**Task objective:** Every line of the data below should be retyped exactly, with no images carried over.

**Information supplied:**
|---|
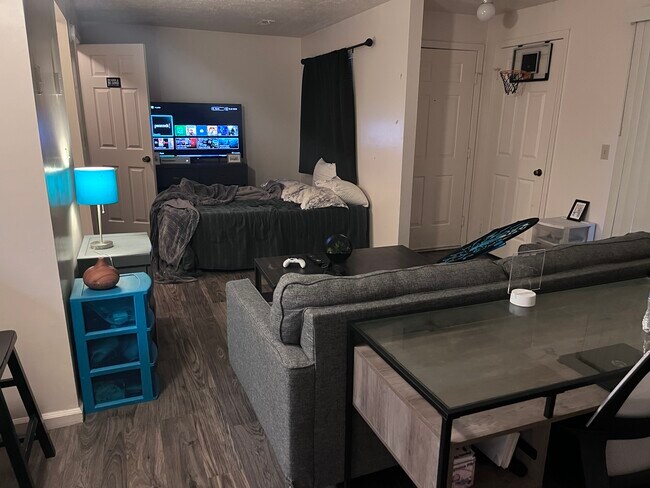 Foto del edificio - 7855 S Candlestick Ln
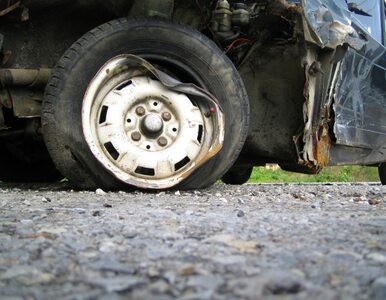 Miniatura: Wypadki powoduje zły stan techniczny aut....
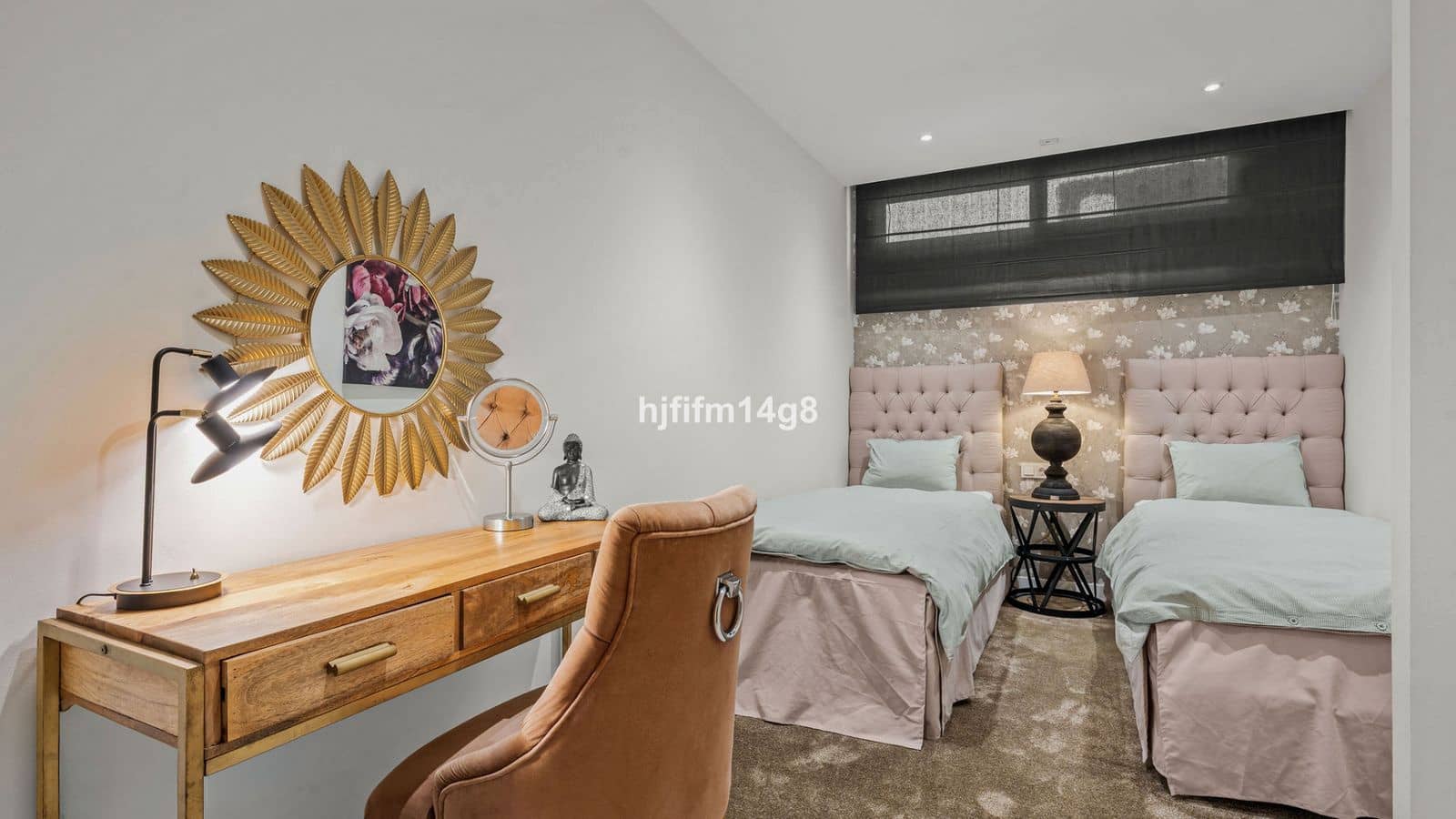 5 bedroom Villa for sale in San Pedro de Alcantara - € 2,590,000 (Ref: 9611207)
|---|
**Response to this task:**
 Foto del edificio - 7855 S Candlestick Ln
 Miniatura: Wypadki powoduje zły stan techniczny aut....
 5 bedroom Villa for sale in San Pedro de Alcantara - € 2,590,000 (Ref: 9611207)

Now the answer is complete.